ARTICLE VIII:     OFFICERS

         Section 1 - Election: The officers shall be chosen by the Board of
         Directors. The Company shall have a Chairman of the Board, a President,
         a Secretary and a Treasurer, and such other officers as the Board of
         Directors may from time to time determine, who shall have respectively
         such duties and authority as may be provided by these Bylaws or as may
         be provided by resolution of the Board of Directors not inconsistent
         herewith. Any two (2) or more of such offices may be held by the same
         person but no officer shall execute, acknowledge or verify any
         instrument in more than one capacity if such instrument is required by
         law, by the Articles of Incorporation of the Company or by these Bylaws
         to be executed, acknowledged or verified by two (2) or more officers.

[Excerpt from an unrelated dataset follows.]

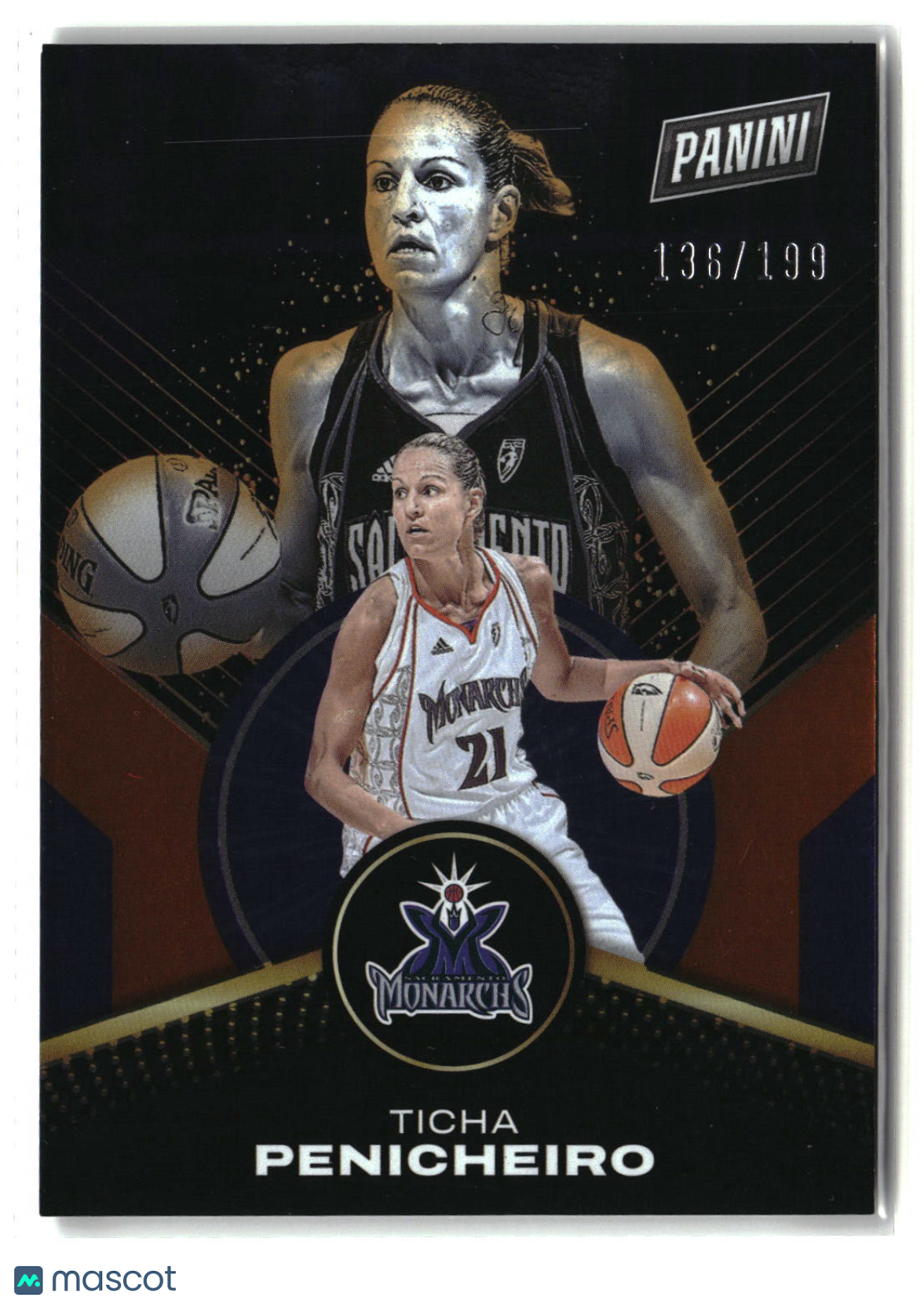 Ticha Penicheiro 2025 Panini WNBA Player of the Day Basketball #74 136/199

         Section 2 - Qualifications: The Chairman of the Board and Vice
         Chairman, if any, shall be chosen from among the Board of Directors,
         but the other officers need not be members of the Board.

         Section 3 - Vacancies: Any vacancy or vacancies among the officers
         arising from any cause shall be filled by the Board of Directors. In
         case of the absence of any officer of the Company or for any other
         reason that the Board of Directors may deem sufficient, the Board of
         Directors may delegate, for the time being, the powers or duties, or
         any of them, of any officer to any other officer or to any Director.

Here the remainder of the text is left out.